Required action: What's needed is an exact retyping of the lines from the start of the listing up to and including the line with "Authentic Louis Vuitton", minus any pictures.

Extracted entries:
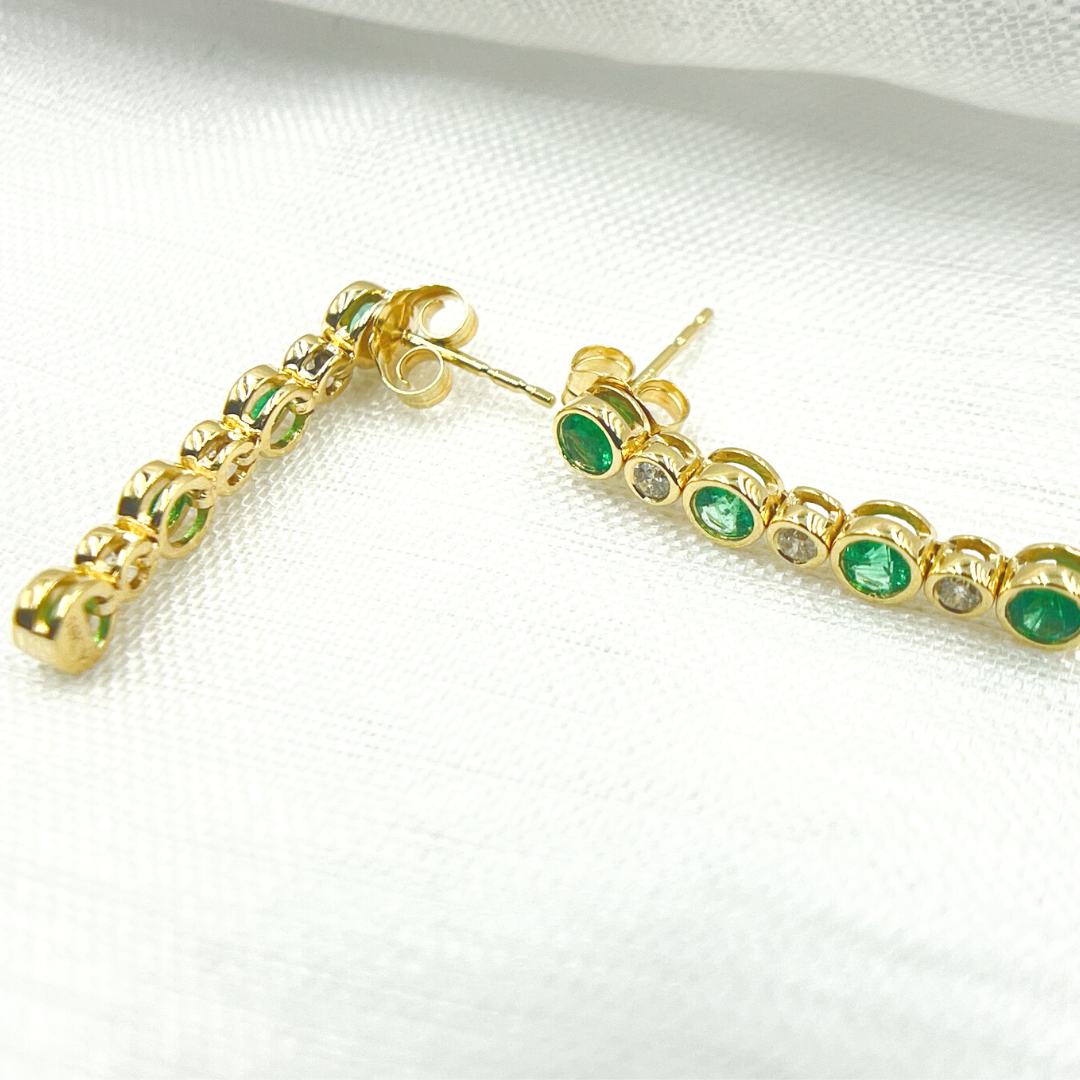 14K Solid Gold Diamond & Emerald Dangle Earrings. EFD52175EM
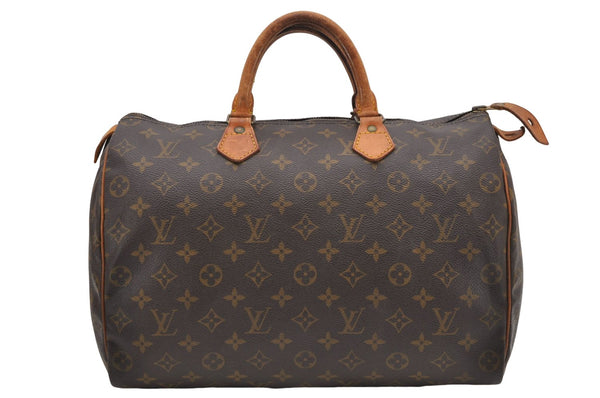 Authentic Louis Vuitton Monogram Speedy 35 Hand Boston Bag M41524 LV 6409D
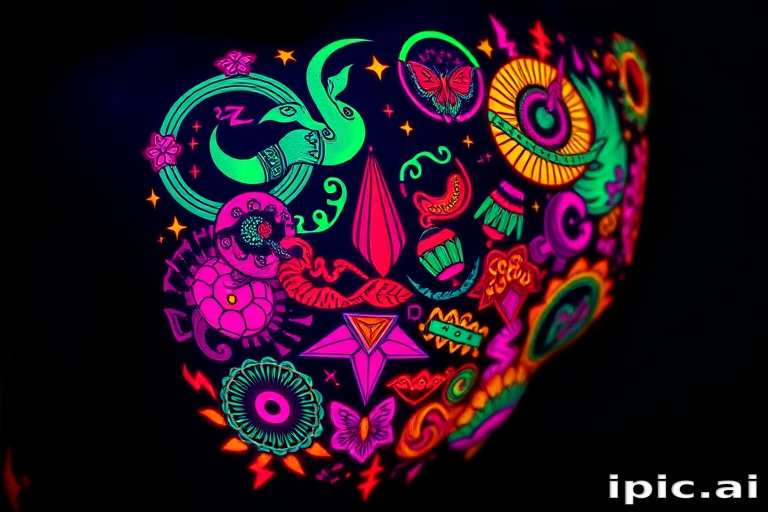 Vibrant neon UV tattoo named "Electric Dreams" featuring fluorescent ink that glows brightly under blacklight, depicting a psychedelic landscape of swirling patterns, geometric shapes, and fantastical creatures that come to life in the dark, perfect for those seeking a hidden dimension to their body art
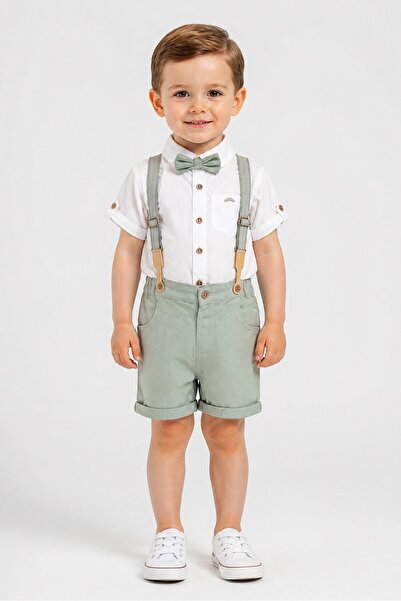 Little Gent Toddlers Boy 4 Pcs Embroidered Shirt And Shorts With Bowtie Set, ...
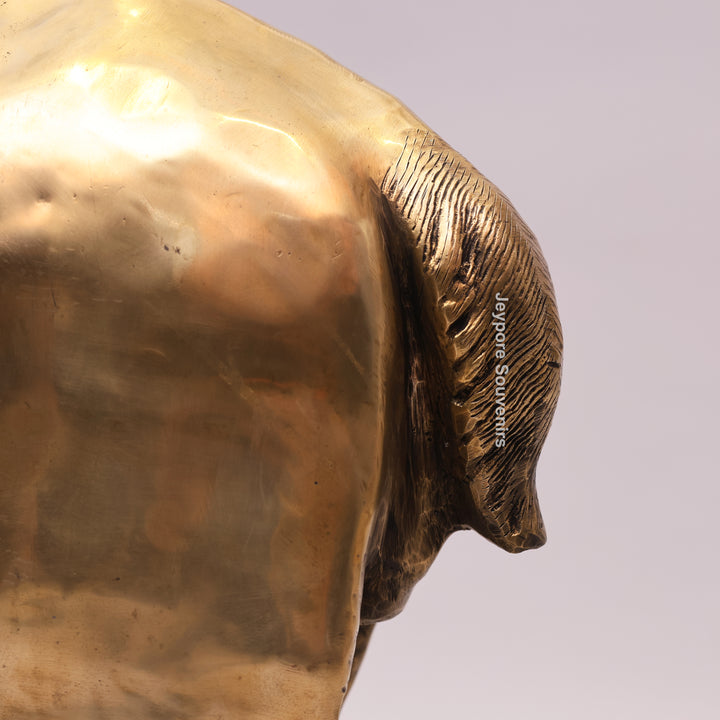 Handcrafted Gold-Toned Brass Grazing Deer Sculpture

Response box:
 14K Solid Gold Diamond & Emerald Dangle Earrings. EFD52175EM
 Authentic Louis Vuitton Monogram Speedy 35 Hand Boston Bag M41524 LV 6409D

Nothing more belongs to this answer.